Tony Romm’s article in today’s WaPo gives a lot of details about the deliberations and machinations on Capitol Hill over the question of whether and how cryptocurrencies should be regulated. He tells us there is even a bi-partisan “Congressional Blockchain Caucus”, whose Republican co-chair Tom Emmer has argued in the past that the Securities and Exchange Commission “has misused its authorities to assert jurisdiction over cryptocurrency.”
Emmer is now on track to gain important new clout in the Republican-controlled House. On Wednesday, he told a blockchain “industry” lobbying group in Washington, that “We need to use the stage that is Congress to promote all of you beyond the walls of the Capitol… People need to understand more out there that they shouldn’t be afraid of this.”
The WaPo’s Romm notes that crypto supporters do not want the SEC to have any role in regulating crypto. They prefer to have the Commodity Futures Trading Commission (CFTC) be the regulator, seeing its potential oversight as less onerous. He notes that, “Lawmakers and administration officials have split over which regulator should have jurisdiction, partly a reflection of the complexity in defining crypto assets — whether they are commodities or securities — under law.”
I would argue that they are neither. They’re not “securities” and they most definitely are not “commodities.” You can’t eat or drink crypto assets. You can’t snuggle up in them when you’re cold. You can’t hang them on your wall to admire their esthetic qualities. You can’t house the homeless with them. They are simply the tokens of inveterate and greedy gamblers.
Throughout the history of finance capitalism, there have been many commodity bubbles. The first of those was the tulip frenzy that struck the financial innovation incubator of Holland back in the mid-1630s.
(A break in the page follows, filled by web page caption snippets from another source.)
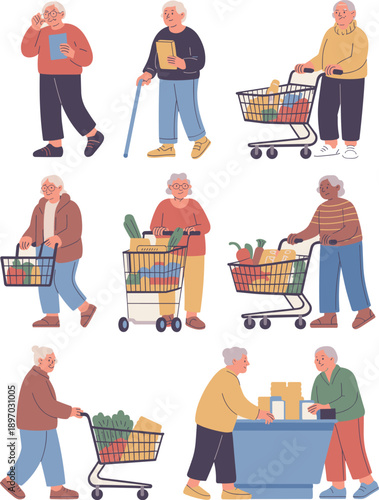 Diverse senior citizens shopping for healthy food groceries at supermarket store elderly men and women with shopping carts buying fresh produce lifestyle concept for retirement living healthcare and n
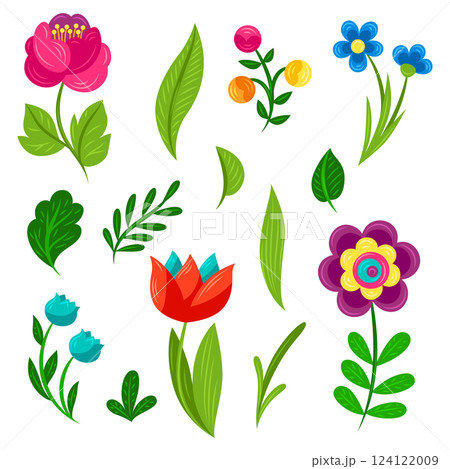 Set of pretty flowers. Beautiful decorative natural plants and leaves. Set of pretty flowers. Beautiful decorative natural plants and leaves. 124122009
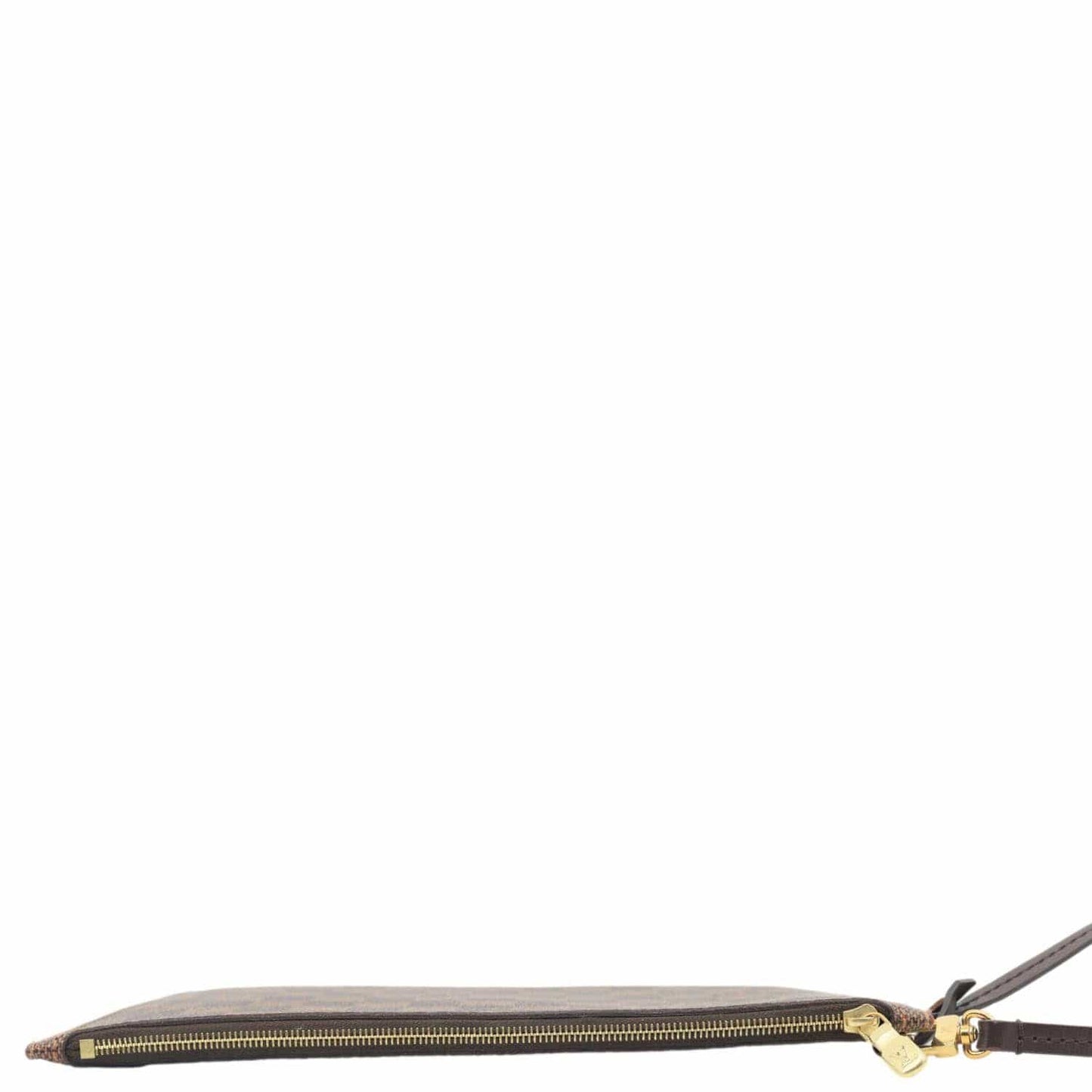 LOUIS VUITTON Neverfull Damier Ebene Wristlet Pouch Brown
But at least, when that bubble burst some investors ended up with some beautiful tulip plants. (And the Netherlands ended up with a massive, world-dominating tulip cultivation industry.)
In the case of the crypto frenzy, the many (somewhat gullible) smaller players who will end up, as always, losing all their crypto “assets” in this collapse will end up with… precisely nothing in hand.
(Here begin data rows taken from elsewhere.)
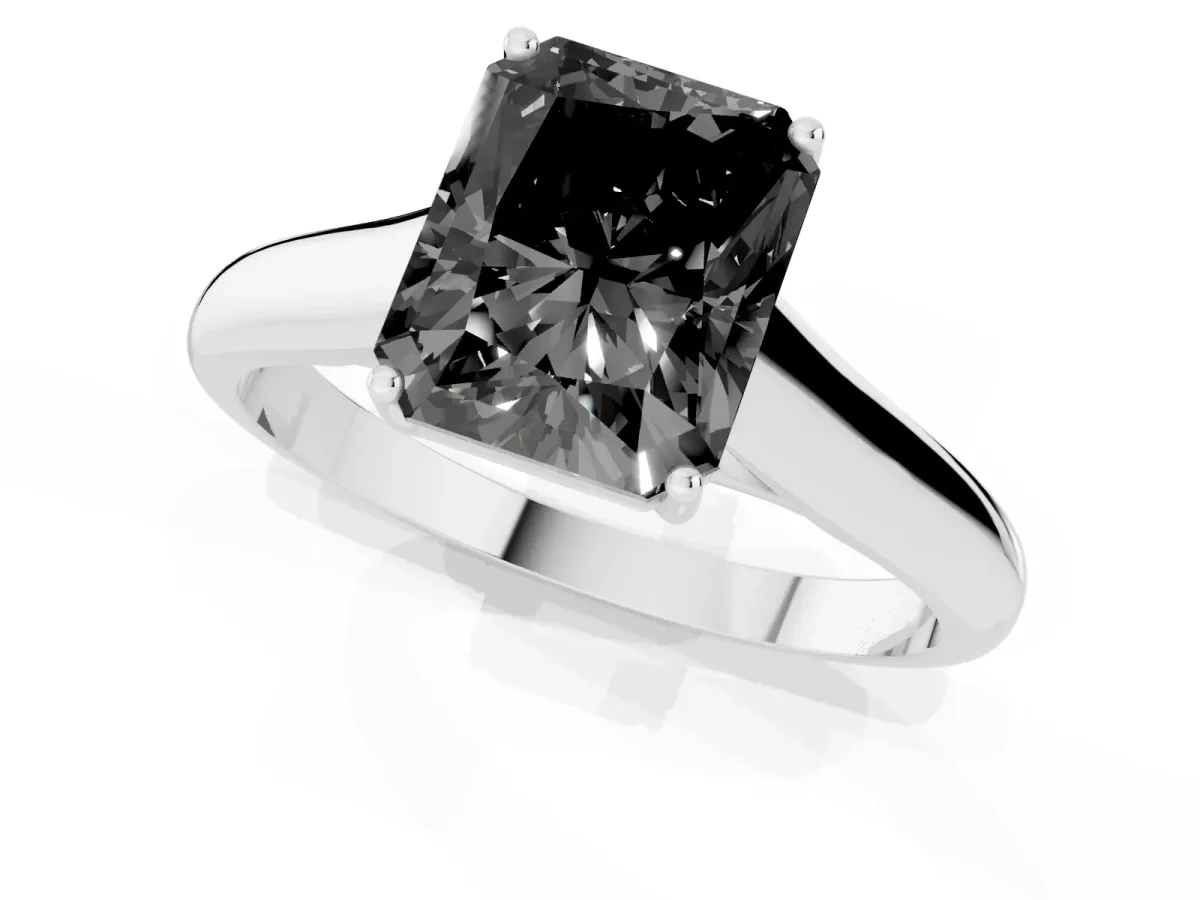 Fancy Black Radiant Cut Solitaire Engagement Ring with Tapered Band and Four-Prong Setting Silver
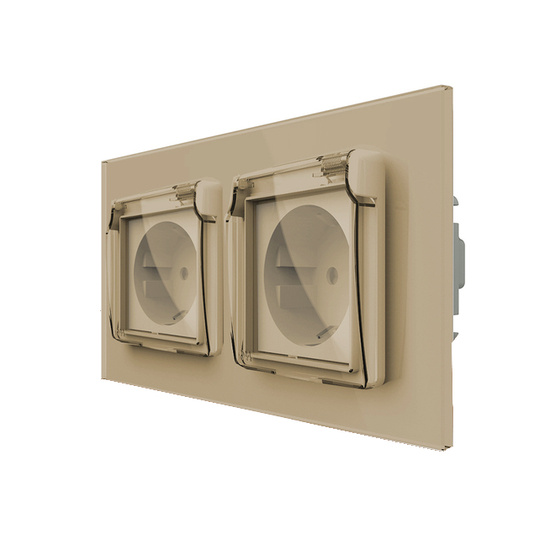 Komplet LIVOLO dwa gniazda w szklanej ramce z nakładkami kolor złoty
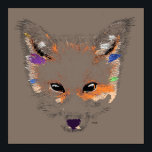Grey Fox Pop Art Poster Print<br><div class="desc">features print of the pop art painting "Grey Fox Pop Art" by Scottish artist MWright.</div>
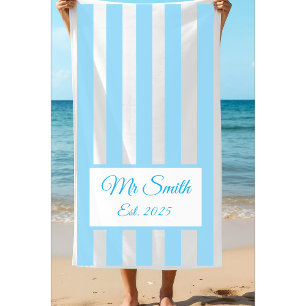 Wedding Gift Mr. and Mrs. Couple Towel, Newlywed Beach Towel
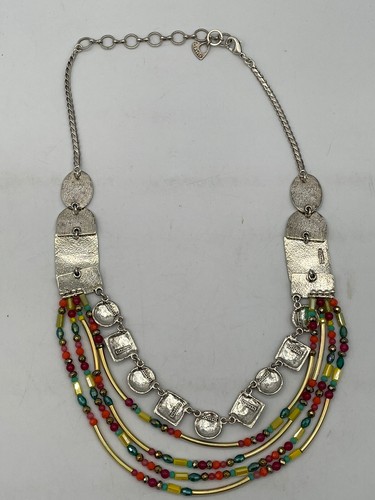 Collana Vintage 'Taratata France' Catena Maglia Smaltata Perline Dichiarazione 22"L - Foto 4 di 4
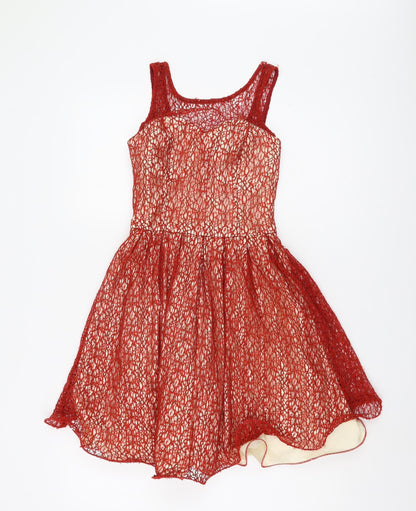 Chi Chi London Women's Red A-Line Party Dress, Size 8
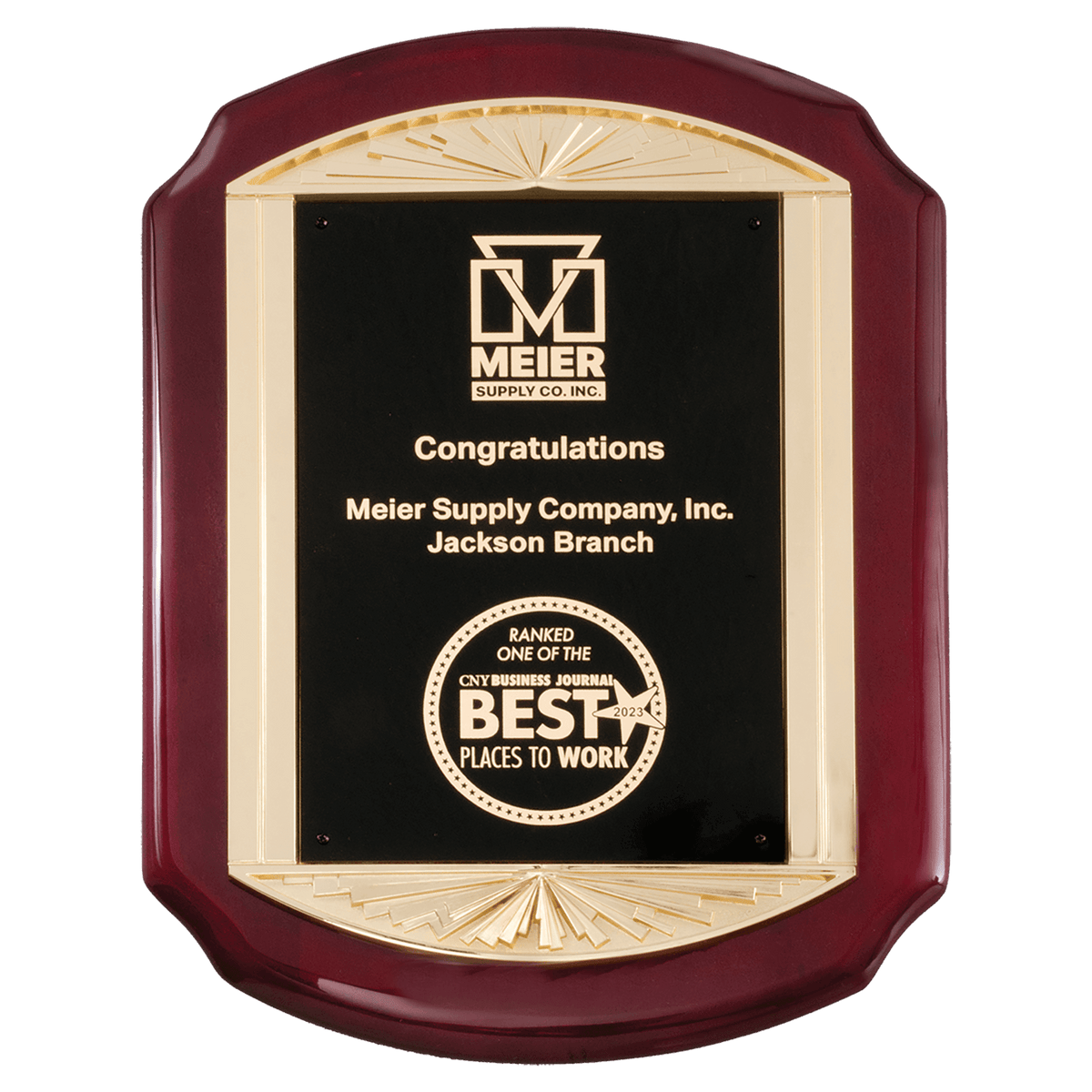 11" x 15" Rosewood Piano Finish Plaque with Metal Gold Sunburst Frame Casting and Black LaserFX Plate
Because there is nothing there.
But meanwhile, all that electricity will have been generated and all those ghastly CO2 emissions will have been emitted… All for nothing. And the blockchain-derived emissions already spewed out over recent years– at a rate comparable to those of Greece!– will be hanging in the air forever.
We could spend time imagining what constructive uses that electricity could have been put to. (In the U.S. State of Georgia, where more than a third of all the U.S. blockchain “mining” occurred, that electricity could have been delivered free of cost to power useful industries, homes, schools, or hospitals… )
Or, we could start to put pressure on governments all around the world to close down the globe-girdling crypto casino once and for all. I vote for that way forward.